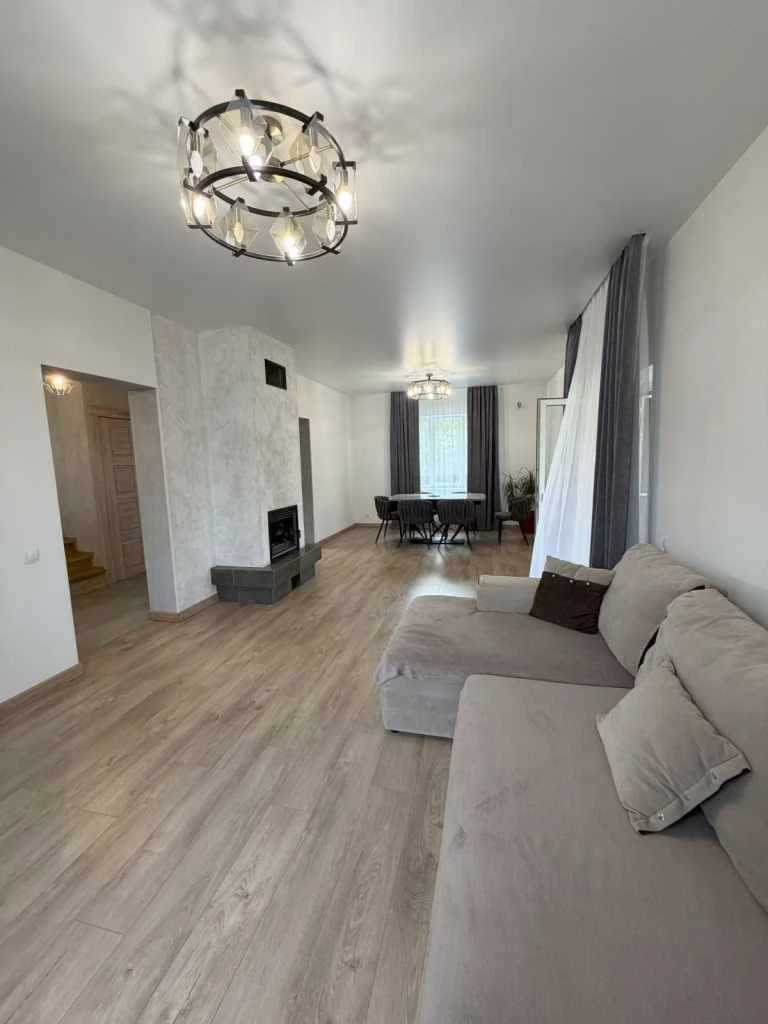 House built in 2018, 125 m2, SOLAR PANELS, 10 minutes from the city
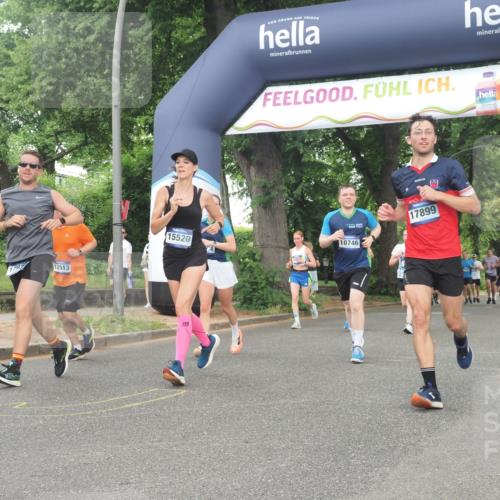 29.06.2025 - hella hamburg halbmarathon KatJ http://msf.ph/oto/8341073 29.06.2025 10:48:34 Zwischen KM18-KM19 1135, 1138, 2447, 6391, 6414, 6415, 8068, 8364 meine-sportfotos.de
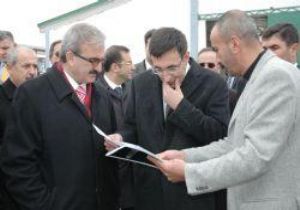 BAKAN BEY, KALKINMAYI KİM ENGELLİYOR?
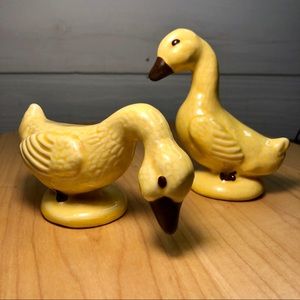 VTG Walker pottery California yellow duck geese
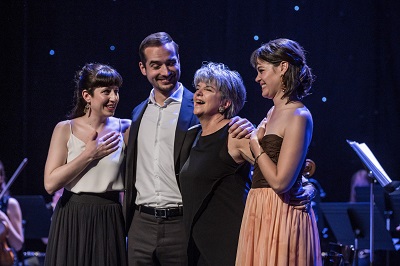 Musiklehrerin Prof. Barbara Locher, links neben Regula Mühlemann von der Hochschule Musik Luzern freut sich über die Ehrung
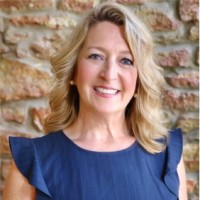 Marianne Henderson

----

Task details:
Write out the records once more, word for word, though without the pictures they contain.

Reply to the task:
 House built in 2018, 125 m2, SOLAR PANELS, 10 minutes from the city
 29.06.2025 - hella hamburg halbmarathon KatJ http://msf.ph/oto/8341073 29.06.2025 10:48:34 Zwischen KM18-KM19 1135, 1138, 2447, 6391, 6414, 6415, 8068, 8364 meine-sportfotos.de
 BAKAN BEY, KALKINMAYI KİM ENGELLİYOR?
 VTG Walker pottery California yellow duck geese
 Musiklehrerin Prof. Barbara Locher, links neben Regula Mühlemann von der Hochschule Musik Luzern freut sich über die Ehrung
 Marianne Henderson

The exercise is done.